Saturday, December 3, 2016

Mnuchen

Trump has picked Steve Mnuchen to be Secretary of the Treasury, according to the Wall Street Journal, Yahoo, and many other sources.  Mnuchen is probably better than many people that Trump might have picked, but I would  have liked to see some other possibilities.  I would have prefered someone who was not a Wall Street-Goldman Sachs alumnus. I would also prefer that he had not foreclosed on tens of thousands of homeowners who held IndyMac mortgages while getting government assistance.  Like Trump, who paid no taxes, he is a billionaire beneficiary of government welfare.

I also wonder where his primary allegiance is.  Bill Clinton’s Treasury Secretary, Robert Rubin, was instrumental in repealing Glass-Steagle, which was a huge benefit to Wall Street, but came back to haunt homeowners many of whom lost their homes, and taxpayers, who had to bailout the bankers.  The bankers rewarded Bill and Hillary Clinton handsomely, as well as Robert Rubin, who moved on to a top job at Citibank that paid well but had little responsibility.  Although Rubin guided the US through a financial crisis, his overall record seems to favor Wall Street over the best interests of the United States, since those interests often conflict, as they did in 2008.  I hope that Mnuchen will give priority to main street over Wall Street, as Trump promised.  It remains to be seen.  
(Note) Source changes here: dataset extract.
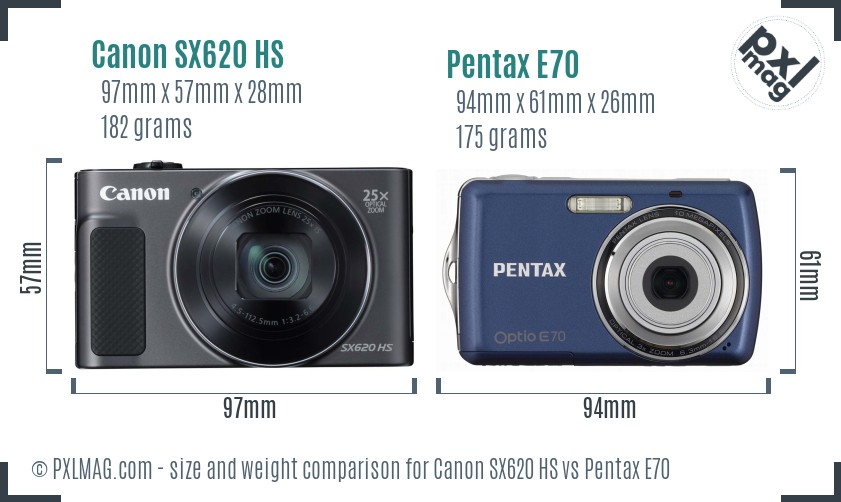 Canon SX620 HS vs Pentax E70 size comparison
I was concerned about Mnuchen because of his record of foreclosures at IndyMac, and a recent article in the New York Times about two Jewish brothers who bought up rent-controlled apartment buildings in New York and then did all kinds of terrible things to the apartments to drive the tenants out.  This is just recent anecdotal evidence of what has been said for centuries about the hard-heartedness of Jewish property owners.  As a Jew, Mnuchen has centuries of suspicion to overcome.  

I am already concerned that every chair of the Fed for more than thirty years has been Jewish, and appears to have favored Wall Street in their policies.  I am not totally against the Fed like the Rand Paul Libertarian Party, but I want it to be evenhanded in its treatment of Wall Street and Main Street.  I worry that Jewish chairs of the Fed will always have closer ties to other Jews on Wall Street than to the ordinary people on Main Street.  I understand that Bernie Sanders, the most outspoken critic of Wall Street, is Jewish.  Good for him!  I supported him until he lost to Hillary.